We also have Project Sigil coming, and aren't the avatars for the BG3 characters already confirmed?
 

As for starter sets - they're still celebrating the 50th anniversary, so playing tribute to Keep on the Borderlands is an obvious choice.
The time to do a BG3 or DADHAT starter set was when they did the starter set refresh (apparently requested by Target) that ended up being Stormwrack Isle.

But yes, there's always a chance we'll see one or both of these at some point in the future, although WotC's track record so far suggests they're pretty ambivalent about these two properties that were largely developed out of house.
 

That, and the D&D movie - which, by all the views it eventually got in streaming, was a freakin' success.

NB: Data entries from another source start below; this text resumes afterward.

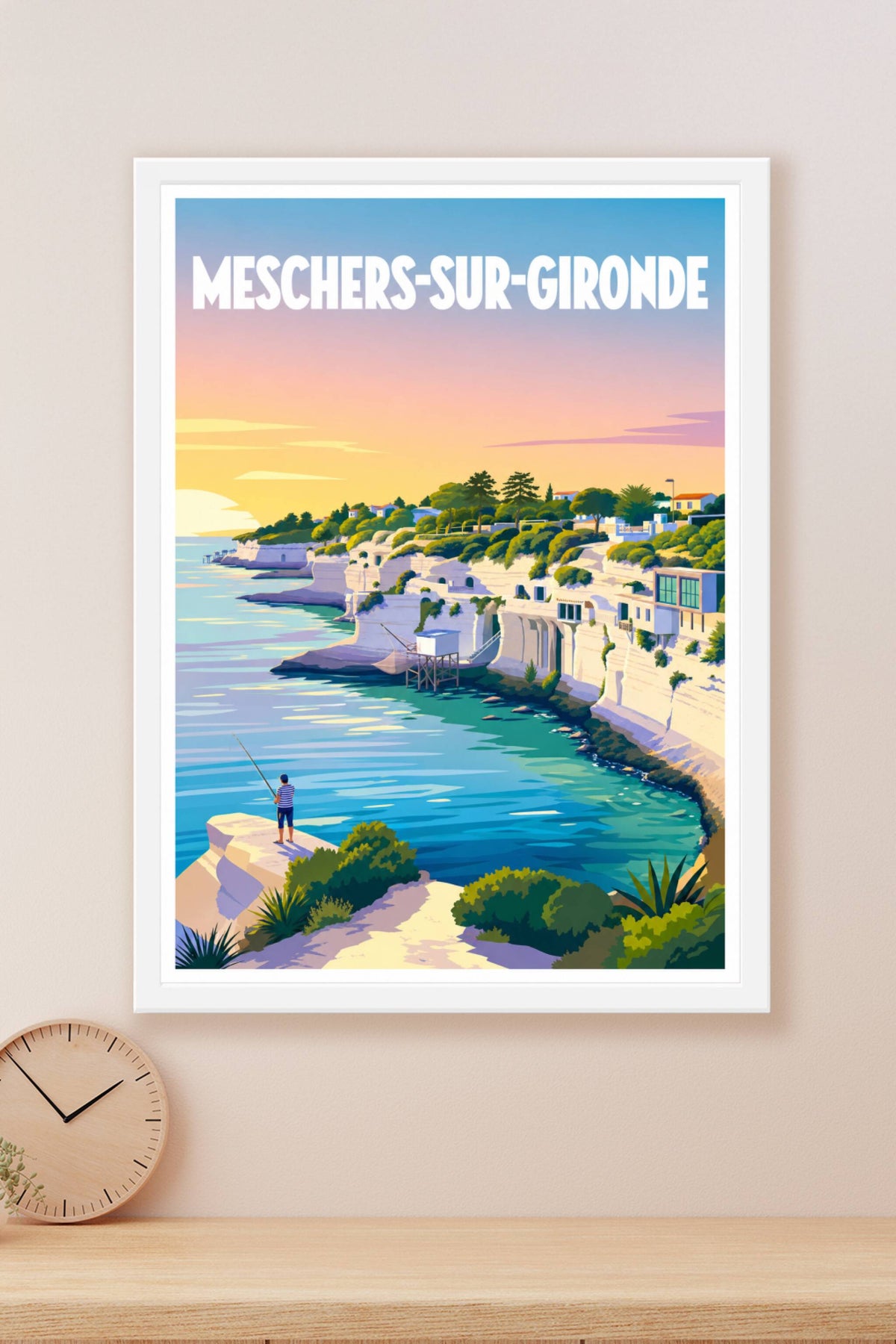 Affiche de Meschers-sur-Gironde, poster grottes
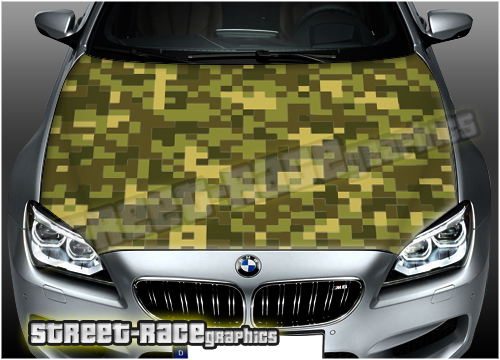 808B - Bonnet wrap (WOODLAND digital camo)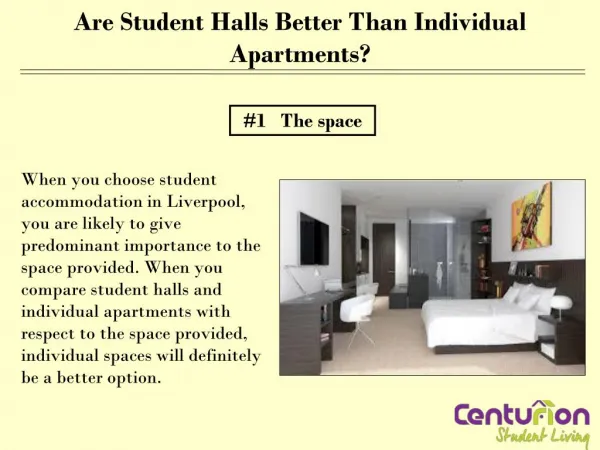 Are student halls better than individual apartments?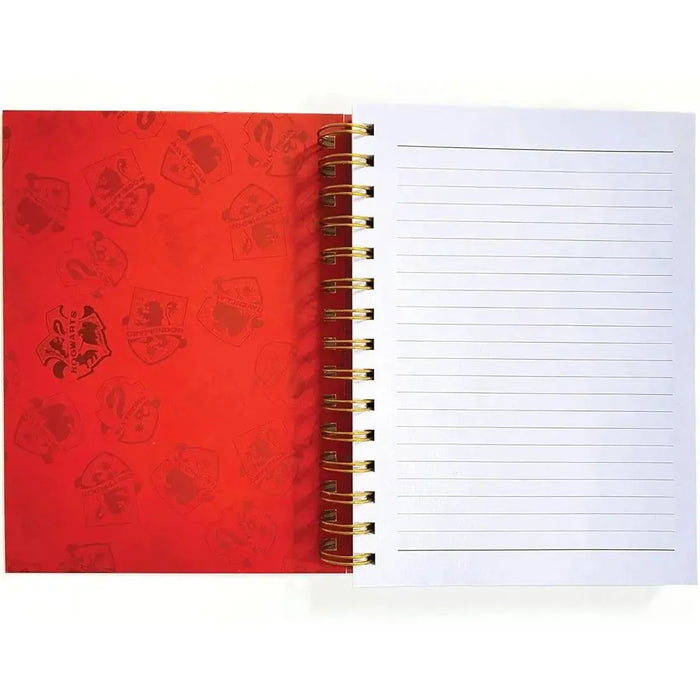 Harry Potter - 1980's Vibe "Welcome to Hogwarts" Spiral Bound Notebook Journal (240 Lined Pages) - Paper House Products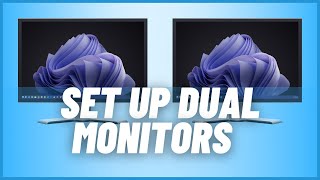 How To Set Up Dual Monitors On Windows 11 [upl. by Eugenie]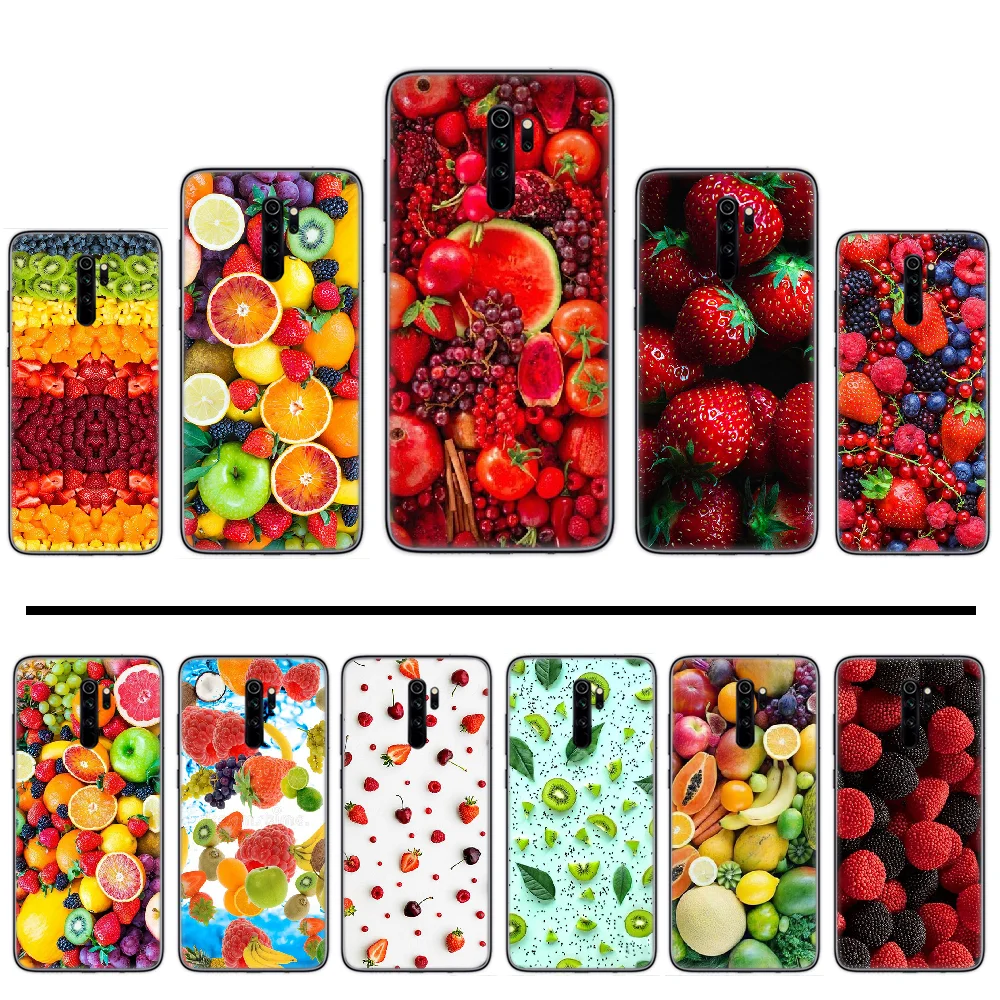 Food fruit strawberry watermelon Customer High Quality Phone Case For Xiaomi Redmi Note 4 4x 5 6 7 8 pro S2 PLUS 6A PRO | Мобильные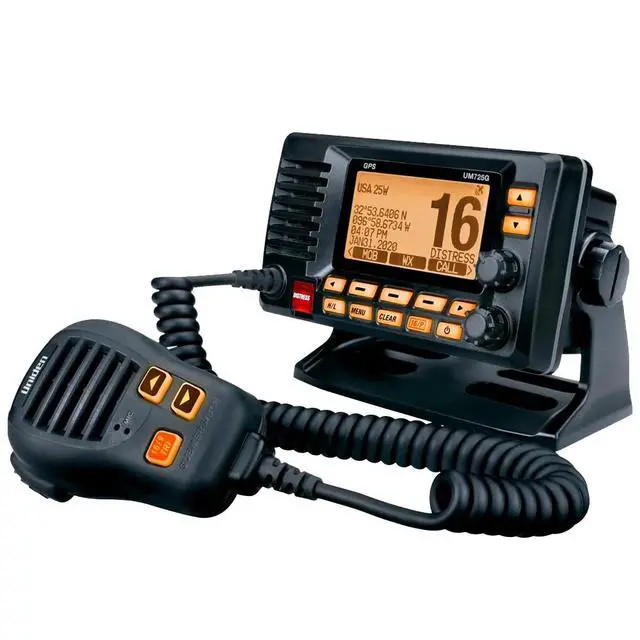 Alt view image 6 of 6 - Uniden UM725G Black VHF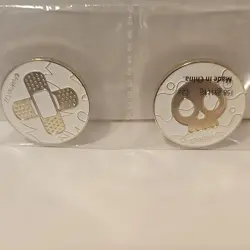 charizard Pokemon Embossed Metal Flip Coins Set of 6 for Pokemon TCG Gold White - Image 5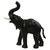 Elephant Standing 42" Handcrafted Lifelike Leather Sculpture for Home or Office Decor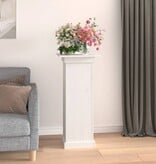 VidaXL Bloemenstandaard 40x40x90 cm massief grenenhout wit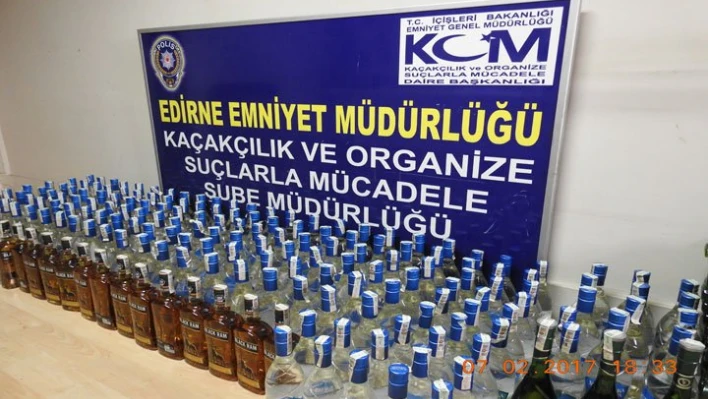 İçki kaçakçılarına suçüstü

If they hadn't been working on 5.24, these recent media-adjacent successes in and around the 50th anniversary could have been more strategically leveraged. BUT I am hopeful and look at it with a long view. They can mine these new IPs for the next ten years.

As for starter sets - they're still celebrating the 50th anniversary, so playing tribute to Keep on the Borderlands is an obvious choice. They're also debuting a new form factor with the starter sets, with tiles for options to build your character - which sounds awesome - but best to do it with something that they're familiar with, rather than going through the trouble of ALSO translating everything from another medium. They've had media tie-in starter sets in the past, there's nothing stopping them from doing more in the future. Baby steps with a new project.

We also have Project Sigil coming, and aren't the avatars for the BG3 characters already confirmed?
The movie is definitely in there, but the secret sauce of BG3 is it's training future players. There are so, so many elements of BG3 that just teach you how to play D&D. Not quite like "regular" D&D certainly as it's a video game, but pretty darn close, close enough to make a BG3 player playing D&D for the first time WAY more comfortable with the terminology than someone coming in cold.
 


they're still celebrating the 50th anniversary, so playing tribute to Keep on the Borderlands is an obvious choice. They're also debuting a new form factor with the starter sets, with tiles for options to build your character - which sounds awesome - but best to do it with something that they're familiar

I'm 100% down with The Keep, but I think a box with BG3 sells better. Outside of our hobby the Keep doest have a fan base.
 

The movie is definitely in there, but the secret sauce of BG3 is it's training future players. There are so, so many elements of BG3 that just teach you how to play D&D. Not quite like "regular" D&D certainly as it's a video game, but pretty darn close, close enough to make a BG3 player playing D&D for the first time WAY more comfortable with the terminology than someone coming in cold.

I've never played BG3 but it would be pretty sweet if they built a way to send your character from BG3 to D&D Beyond. Then BG3 players could build a first level PC in BG3 and use it in a table top game.

Offcourse BG3 is now a edition behind.
 

I've never played BG3 but it would be pretty sweet if they built a way to send your character from BG3 to D&D Beyond. Then BG3 players could build a first level PC in BG3 and use it in a table top game.

Offcourse BG3 is now a edition behind.

New players won't be able to tell the difference really. To them, it'll just be 'that's how this translates to tabletop.'
 

The movie is definitely in there, but the secret sauce of BG3 is it's training future players. There are so, so many elements of BG3 that just teach you how to play D&D. Not quite like "regular" D&D certainly as it's a video game, but pretty darn close, close enough to make a BG3 player playing D&D for the first time WAY more comfortable with the terminology than someone coming in cold.

I'm running 3 groups now. Two of them are heavily newbie friendly.
Anecdotal over half the new players have played BG3 or are familiar with it.